-- Opening Marker --

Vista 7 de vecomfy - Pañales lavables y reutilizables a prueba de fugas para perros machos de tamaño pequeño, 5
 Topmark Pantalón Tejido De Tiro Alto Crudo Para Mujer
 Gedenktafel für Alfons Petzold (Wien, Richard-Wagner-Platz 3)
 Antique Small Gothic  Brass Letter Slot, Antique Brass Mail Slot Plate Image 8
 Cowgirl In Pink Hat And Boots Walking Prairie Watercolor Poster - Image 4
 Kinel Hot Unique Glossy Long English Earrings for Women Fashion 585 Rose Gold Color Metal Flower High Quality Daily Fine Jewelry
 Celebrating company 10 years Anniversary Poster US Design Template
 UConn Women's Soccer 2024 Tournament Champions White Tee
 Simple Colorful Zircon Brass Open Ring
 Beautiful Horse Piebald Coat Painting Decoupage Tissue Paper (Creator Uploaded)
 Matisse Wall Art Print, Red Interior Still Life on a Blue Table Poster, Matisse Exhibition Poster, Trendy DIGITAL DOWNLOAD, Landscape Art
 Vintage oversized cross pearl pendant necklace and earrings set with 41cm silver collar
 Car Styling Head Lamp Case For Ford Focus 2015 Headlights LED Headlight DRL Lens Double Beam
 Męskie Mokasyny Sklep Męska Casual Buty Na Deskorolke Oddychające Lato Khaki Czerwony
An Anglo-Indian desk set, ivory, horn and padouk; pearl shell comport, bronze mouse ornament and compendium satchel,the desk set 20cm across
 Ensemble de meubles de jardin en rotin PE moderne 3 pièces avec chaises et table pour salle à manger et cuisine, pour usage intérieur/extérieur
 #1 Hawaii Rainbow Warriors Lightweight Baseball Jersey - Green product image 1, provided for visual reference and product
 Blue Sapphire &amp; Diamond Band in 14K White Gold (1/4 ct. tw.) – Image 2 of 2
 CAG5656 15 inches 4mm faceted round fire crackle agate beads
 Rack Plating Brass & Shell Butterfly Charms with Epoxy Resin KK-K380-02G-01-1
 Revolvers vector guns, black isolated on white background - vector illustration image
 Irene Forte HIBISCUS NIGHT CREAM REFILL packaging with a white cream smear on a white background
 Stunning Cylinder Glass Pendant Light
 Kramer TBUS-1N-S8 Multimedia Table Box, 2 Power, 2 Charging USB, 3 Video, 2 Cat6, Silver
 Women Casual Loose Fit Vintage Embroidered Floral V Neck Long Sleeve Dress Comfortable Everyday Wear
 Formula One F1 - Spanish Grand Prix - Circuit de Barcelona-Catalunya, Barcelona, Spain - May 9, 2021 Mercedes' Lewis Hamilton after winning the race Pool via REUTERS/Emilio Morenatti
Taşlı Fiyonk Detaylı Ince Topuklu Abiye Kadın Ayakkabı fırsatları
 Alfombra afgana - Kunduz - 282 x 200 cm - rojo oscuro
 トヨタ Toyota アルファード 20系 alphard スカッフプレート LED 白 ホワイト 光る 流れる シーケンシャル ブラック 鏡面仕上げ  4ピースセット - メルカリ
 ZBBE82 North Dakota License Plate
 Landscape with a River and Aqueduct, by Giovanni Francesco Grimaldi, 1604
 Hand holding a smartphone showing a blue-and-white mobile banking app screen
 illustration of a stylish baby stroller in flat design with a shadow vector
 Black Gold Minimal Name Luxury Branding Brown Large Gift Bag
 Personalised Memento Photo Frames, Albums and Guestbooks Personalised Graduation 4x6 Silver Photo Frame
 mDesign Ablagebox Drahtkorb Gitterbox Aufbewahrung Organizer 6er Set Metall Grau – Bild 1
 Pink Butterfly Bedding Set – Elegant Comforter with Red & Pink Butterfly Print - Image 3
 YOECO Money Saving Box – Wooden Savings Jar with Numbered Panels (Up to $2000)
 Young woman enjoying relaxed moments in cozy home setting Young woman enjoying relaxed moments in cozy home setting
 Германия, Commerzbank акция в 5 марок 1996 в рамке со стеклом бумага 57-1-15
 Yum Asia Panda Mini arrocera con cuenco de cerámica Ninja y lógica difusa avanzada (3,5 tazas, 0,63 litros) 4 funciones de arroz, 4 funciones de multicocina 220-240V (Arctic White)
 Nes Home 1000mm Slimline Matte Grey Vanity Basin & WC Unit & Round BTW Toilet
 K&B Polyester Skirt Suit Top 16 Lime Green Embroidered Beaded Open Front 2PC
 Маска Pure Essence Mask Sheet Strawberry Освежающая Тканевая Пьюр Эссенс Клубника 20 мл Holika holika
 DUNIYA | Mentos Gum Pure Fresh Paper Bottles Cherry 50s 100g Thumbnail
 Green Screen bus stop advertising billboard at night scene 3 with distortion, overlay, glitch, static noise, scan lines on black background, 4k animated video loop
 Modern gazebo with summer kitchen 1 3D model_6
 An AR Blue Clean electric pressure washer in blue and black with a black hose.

-- Closing Marker --

Task to carry out -> From the line holding "Маска Pure Essence" down to the final line above, quote every line exactly and only those lines.

Response ->
 Маска Pure Essence Mask Sheet Strawberry Освежающая Тканевая Пьюр Эссенс Клубника 20 мл Holika holika
 DUNIYA | Mentos Gum Pure Fresh Paper Bottles Cherry 50s 100g Thumbnail
 Green Screen bus stop advertising billboard at night scene 3 with distortion, overlay, glitch, static noise, scan lines on black background, 4k animated video loop
 Modern gazebo with summer kitchen 1 3D model_6
 An AR Blue Clean electric pressure washer in blue and black with a black hose.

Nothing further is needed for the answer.